Comparing cloud processors sounds like a weekend project until you’re three days in and still fighting reproducibility. Every run needs the same workload, the same observability stack, the same teardown guarantee, and somewhere to put the results that doesn’t evaporate after the next run. SiliconBoutique puts all of that into a single pipeline you can trigger from one command, inspect in a live Grafana dashboard or a portable HTML page, and compare across GCP and AWS without opening a spreadsheet.
What the system delivers
SiliconBoutique deploys Google’s Online Boutique microservices demo as the benchmark workload, collects CPU and memory metrics during a measured load window, writes a canonical BenchmarkSummary row to BigQuery for cloud runs and configured local runs, and gives you two ways to look at results: a private Grafana dashboard scoped to the live run, and a portable HTML dashboard generated from stored history.
The full pipeline is built around four concrete outputs:
- A Terraform-managed execution target: a fresh namespace in the local minikube profile, or a fresh GKE/EKS cluster for cloud runs, destroyed after the run.
- Structured benchmark artifacts covering CPU utilization, memory working set, CPU throttling, frontend probe latency, pod readiness, and container restarts.
- A Grafana dashboard scoped to the exact run and benchmark window, accessible via port-forward during local runs or verified through the Grafana API during cloud runs.
- A
BenchmarkSummaryrow in BigQuery for cloud runs, and for local runs when BigQuery settings are configured, with cost fields, load profile metadata, and quality indicators that persist across teardown.
How to run a benchmark
The main entrypoint is run_benchmark_workflow.py. It handles local runs, GCP dispatches, and AWS dispatches from a single interface. Pick the command that fits your situation.
Local smoke run
python3 automation/scripts/run_benchmark_workflow.py \
--target local \
--profile smoke \
--bigquery-env-file credential.env This provisions a namespace in the siliconboutique minikube profile, deploys Online Boutique and the monitoring stack, runs the load generator, extracts Prometheus metrics, validates the summary, and tears down. If your credential.env has valid BigQuery settings, it also persists the row and verifies it remotely.
GCP remote benchmark
python3 automation/scripts/run_benchmark_workflow.py \
--target gcp \
--project-id "$project_id" \
--bigquery-env-file credential.env This dispatches .github/workflows/benchmark.yml through the GitHub Actions API, waits for the workflow to finish, downloads the artifact, and verifies acceptance evidence. GCP Terraform never runs locally.
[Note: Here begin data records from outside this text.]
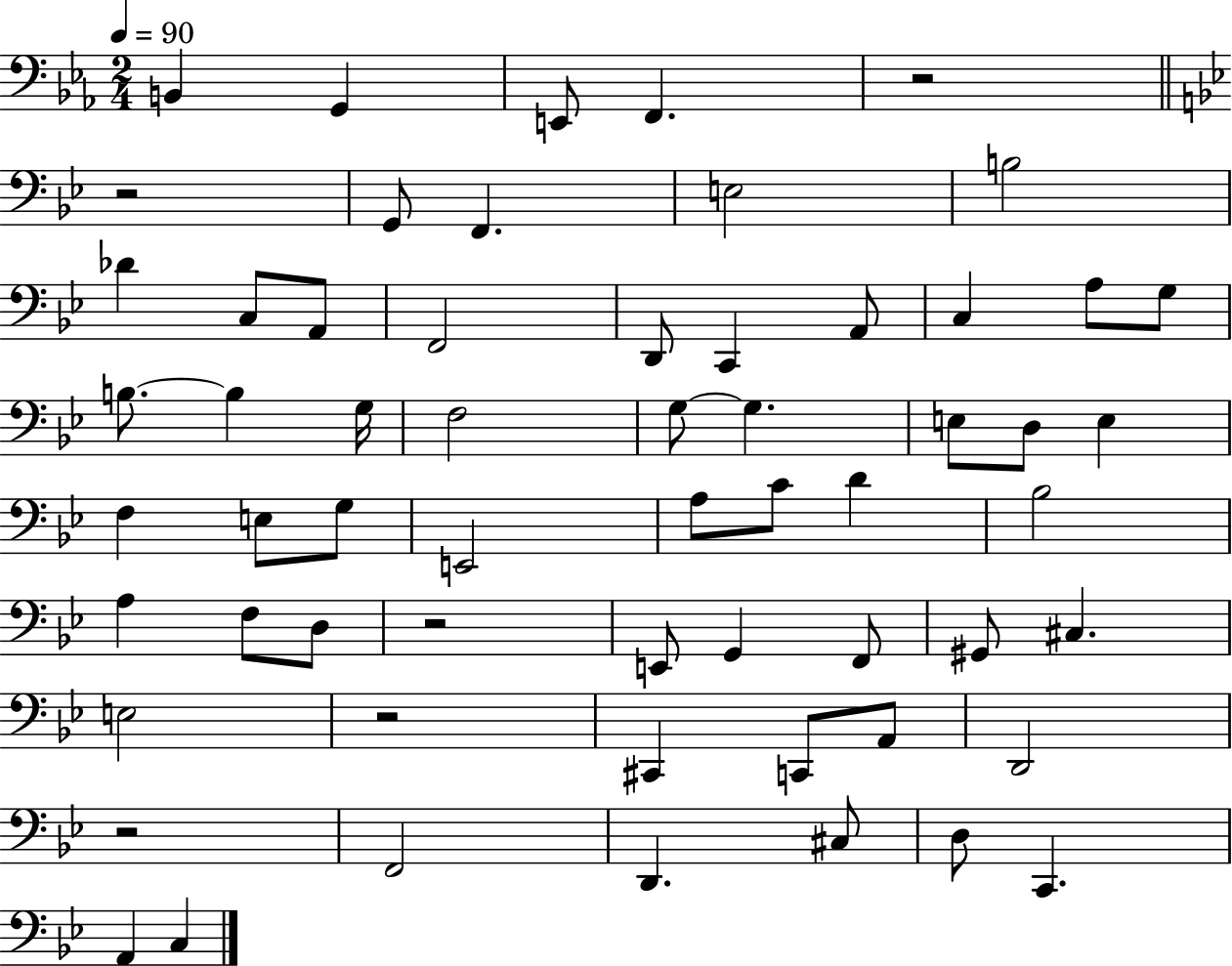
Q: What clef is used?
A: bass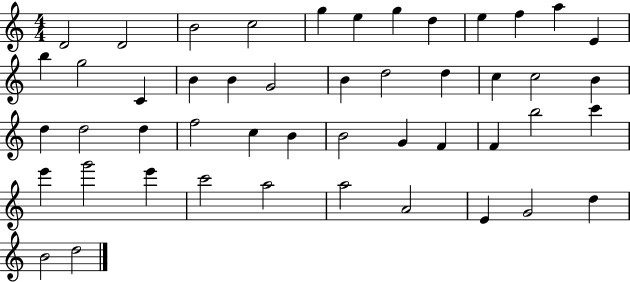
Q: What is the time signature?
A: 4/4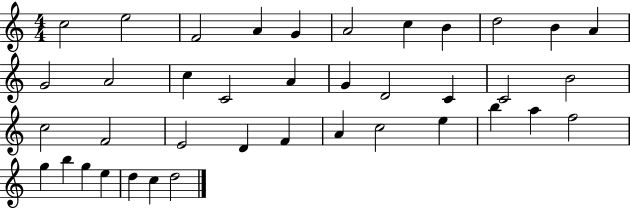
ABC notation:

X:1
T:Untitled
M:4/4
L:1/4
K:C
c2 e2 F2 A G A2 c B d2 B A G2 A2 c C2 A G D2 C C2 B2 c2 F2 E2 D F A c2 e b a f2 g b g e d c d2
The cloud workflow derives a run_id as gha-<github-run-id>-<attempt> and threads it through run-scoped resources, labels, artifacts, and the BigQuery row.
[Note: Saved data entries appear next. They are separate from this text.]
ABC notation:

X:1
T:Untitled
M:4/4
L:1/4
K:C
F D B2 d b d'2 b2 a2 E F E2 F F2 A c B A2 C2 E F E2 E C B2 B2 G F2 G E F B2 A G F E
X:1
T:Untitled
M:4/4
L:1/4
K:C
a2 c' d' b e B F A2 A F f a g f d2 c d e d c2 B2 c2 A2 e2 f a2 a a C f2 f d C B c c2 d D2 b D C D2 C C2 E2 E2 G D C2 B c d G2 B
Dashboard from stored results
python3 automation/scripts/launch_metrics_dashboard.py \
--project-id "$project_id" \
--dataset-id silicon_boutique \
--table-id benchmark_summaries \
--location US \
--no-browser This writes artifacts/dashboard/index.html and artifacts/dashboard/dashboard-data.json from BigQuery history. The same command works against a local NDJSON store by swapping --summary-store artifacts/benchmark-summaries.ndjson.
Architecture overview
The system has five layers. Each layer communicates through structured artifacts and never imports the internals of another layer directly.
Infrastructure layer
Terraform manages four roots. Three are ephemeral and scoped to a single run_id: the local Kubernetes namespace, the GCP GKE cluster with its VPC, and the AWS EKS cluster with its node group. The fourth, gcp-bigquery, is durable and never part of teardown. It provisions the BigQuery dataset and table once, and every cloud benchmark run appends a row to it; local runs do the same when BigQuery persistence is configured.
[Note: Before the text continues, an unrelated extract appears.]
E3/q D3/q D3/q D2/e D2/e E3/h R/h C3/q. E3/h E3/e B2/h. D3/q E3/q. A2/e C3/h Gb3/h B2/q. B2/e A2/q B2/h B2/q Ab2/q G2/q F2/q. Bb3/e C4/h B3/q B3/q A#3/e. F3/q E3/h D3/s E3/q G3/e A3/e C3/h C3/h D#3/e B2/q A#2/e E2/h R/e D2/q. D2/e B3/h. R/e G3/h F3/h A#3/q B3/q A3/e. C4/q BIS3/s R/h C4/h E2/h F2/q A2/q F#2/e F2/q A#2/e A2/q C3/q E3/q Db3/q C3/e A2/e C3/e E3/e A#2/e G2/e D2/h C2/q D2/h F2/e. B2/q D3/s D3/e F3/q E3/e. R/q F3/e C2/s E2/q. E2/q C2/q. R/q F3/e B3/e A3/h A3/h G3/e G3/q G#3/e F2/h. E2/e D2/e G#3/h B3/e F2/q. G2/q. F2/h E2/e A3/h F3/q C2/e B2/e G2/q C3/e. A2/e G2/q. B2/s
Label-capable or tag-capable resources created by an ephemeral root carry the run_id and provider metadata. Teardown fails the workflow job if Terraform destroy reports a non-zero exit code.
Workload layer
The Online Boutique workload is packaged as a Helm chart pinned to upstream onlineboutique version 0.10.5. A custom post-renderer written in Python injects SiliconBoutique run labels, teardown annotations, and load-generator environment variables into every rendered resource. This keeps the upstream chart untouched while guaranteeing every pod carries the right metadata for Prometheus label matching.
The monitoring chart installs a full kube-prometheus-stack, a prometheus-blackbox-exporter, defines silicon_boutique:* recording rules, and provisions the Grafana dashboard through a sidecar ConfigMap.
Automation layer
Each automation script reads from an explicit input file and writes to an explicit output file. The unified coordinator, run_benchmark_workflow.py, calls the lower-level scripts directly for local runs or dispatches the GitHub Actions workflows for cloud runs. The same scripts run in a local terminal or inside GitHub Actions without modification.
The benchmark pipeline sequence
A single benchmark run follows this sequence whether it runs locally, on GCP, or on AWS.
The automation waits for the silicon_boutique:* recording rules to produce live data before the clock starts. This reduces startup and warmup noise in the benchmark window, so the measured window is much closer to steady-state behavior.
The teardown phase runs with if: always() in GitHub Actions, so it executes even after extraction or summary failures. Terraform apply and destroy stay in the same job to keep the state file local and available for cleanup.
Setting up on Google Cloud
Before dispatching a live GCP benchmark, three things need to be in place: a GCP project with billing enabled, a durable BigQuery destination, and GitHub OIDC credentials.
Provision durable BigQuery storage
Provision once, before the first benchmark. This root is intentionally separate from the GKE root and must not be destroyed as part of teardown.
cd infra/terraform/gcp-bigquery
terraform init
terraform apply -auto-approve \
-var="project_id=YOUR_GCP_PROJECT_ID" \
-var="static_validation_mode=false" This creates the silicon_boutique dataset and benchmark_summaries table, partitioned by benchmark_start and clustered by machine_type, processor_family, architecture, and run_id. To grant the GitHub Actions writer service account access at the same time, pass it as a variable.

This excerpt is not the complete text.